Analysis of Hypoxia-adaptation Related circRNA in Heart Tissues of Tibetan Cattle (Bos taurus) and Sanjiang Cattle (Bos taurus)
BAI Jia-Ling1, WANG Hui1, ZHONG Jin-Cheng1,*, CHEN Zhi-Hua1, CHAI Zhi-Xin1, WANG Ji-Kun1, WANG Jia-Bo1, WU Zhi-Juan1, XIN Jin-Wei2
1 Key Laboratory of Qinghai-Tibetan Plateau Animal Genetic Resource Reservation and Utilization of the Sichuan Province/Key Laboratory of Qinghai-Tibetan Plateau Animal Genetic Resource Reservation and Utilization, Ministry of Education, Southwest Minzu University, Chengdu 610041, China; 2 State Key Laboratory of Hulless Barley and Yak Germplasm Resources and Genetic Improvement, Lhasa 850000, China
Abstract:Circular RNA (circle RNA, circRNA) is a covalently enclosed endogenous biomolecule, which plays an important role in the hypoxia adaptation of plateau animals. High-throughput sequencing technology has been widely used in mammalian and human disease research due to its advantages of low cost, high throughput, and fast speed. However, there are few reports on the circRNAs related hypoxia adaptation in Tibetan cattle (Bos taurus). The heart tissue is sensitive to the high-altitude hypoxia environment. In this study, the circRNAs in the heart tissues of Tibetan cattle and Sanjiang cattle were sequenced using the Illumina HiSeqTM 4000 platform.

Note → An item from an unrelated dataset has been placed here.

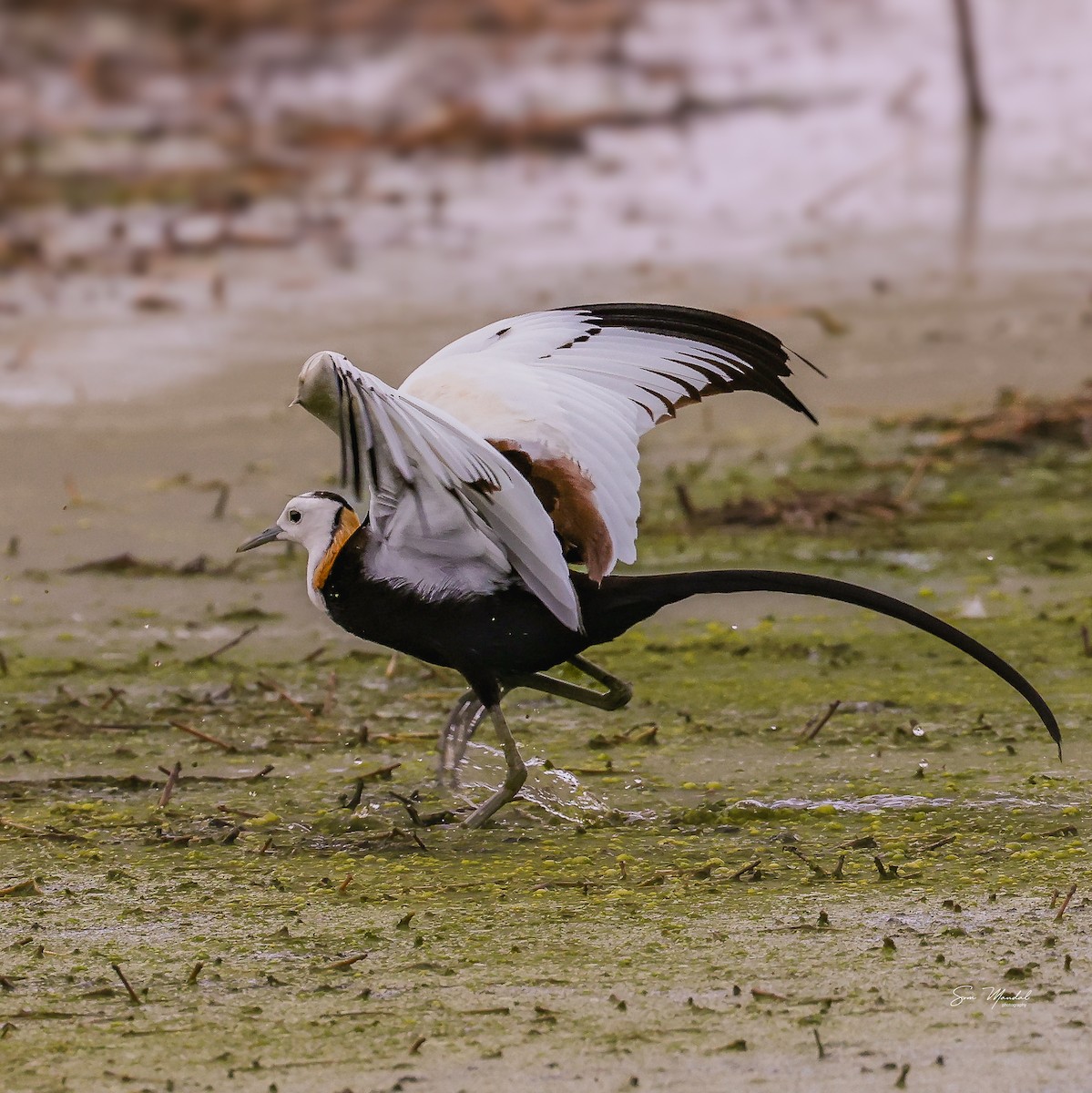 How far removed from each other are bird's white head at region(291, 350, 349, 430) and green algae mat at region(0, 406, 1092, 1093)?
86cm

Then analyzed the differential expression profiling of circRNAs and predicted the targeting relationship between circRNA-miRNA-mRNA, constructed a circRNA-miRNA-mRNA visualization regulatory network. The results showed that a total of 283 differentially expressed circRNAs were filtered between the two species, which included 278 up-regulated and 5 down-regulated. Gene Ontology functional enrichment analysis showed that the source genes of differentially expressed circRNA were annotated to 45 functional terms, and the KEGG pathway analysis showed that they mainly significantly enriched in ubiquitin mediated proteolysis, cGMP-PKG signaling pathway and ect.. In addition, novel_circ_018959 was found had a targeting relationship with miR-142-x, miR-144-y, miR-1908-x, miR- 2302-y, and miR-1273-y, and the targets of these miRNAs including ECE1, NFATC1, CAST, and COX7C were reported as hypoxia adaptation candidate genes, indicating that novel_circ_018959 was likely to be involved in the hypoxia adaptive regulation in Tibetan cattle, Its function and regulation mechanism need to be further studied. The results provide the data support for further revealing the molecular mechanism of circRNA in Tibetan cattle hypoxia adaptation process.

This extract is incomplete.